And while Francis returned delightedly to his fishing-rods, Destiny, in Thomas Regan’s down-town private office, was working overtime. Having arranged with his various brokers to buy, and, through his divers channels of secret publicity having let slip the cryptic tip that something was wrong with Tampico Petroleum’s concessions from the Mexican government, Thomas Regan studied a report of his own oil-expert emissary who had spent two months on the spot spying out what Tampico Petroleum really had in sight and prospect.
A clerk brought in a card with the information that the visitor was importunate and foreign. Regan listened, glanced at the card, and said:
“Tell this Mister Senor Alvarez Torres of Ciodad de Colon that I can’t see him.”

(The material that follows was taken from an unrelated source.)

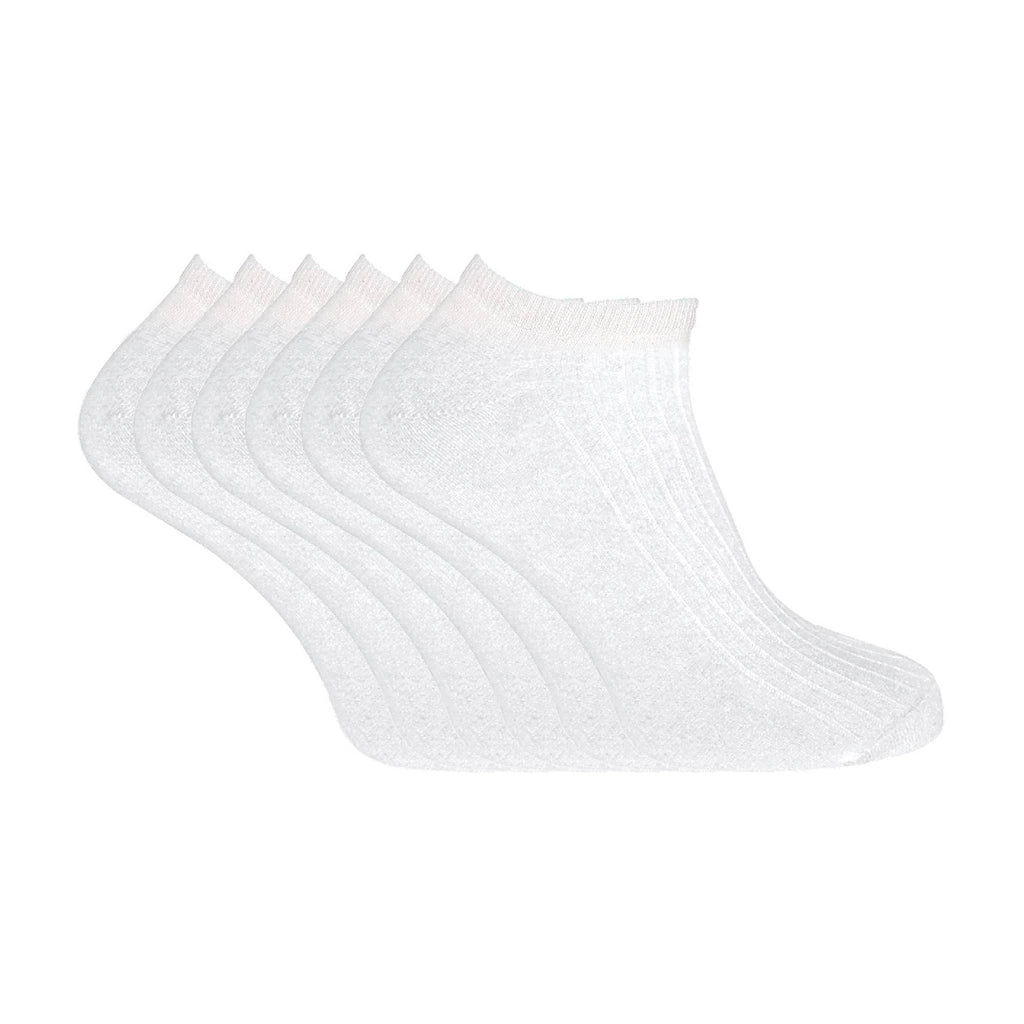 6 Pack Ladies Ankle Low Cut 100% Soft Cotton Socks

Five minutes later the clerk was back, this time with a message pencilled on the card. Regan grinned as he read it:
“Dear Mr. Regan,
“Honoured Sir:
“I have the honour to inform you that I have a tip on the location of the treasure Sir Henry Morgan buried in old pirate days.
“Alvarez Torres.”
Regan shook his head, and the clerk was nearly out of the room when his employer suddenly recalled him.
“Show him in at once.”
In the interval of being alone, Regan chuckled to himself as he rolled the new idea over in his mind. “The unlicked cub!” he muttered through the smoke of the cigar he was lighting. “Thinks he can play the lion part old E.H.M. played. A trimming is what he needs, and old Grayhead Thomas B. will see that he gets it.”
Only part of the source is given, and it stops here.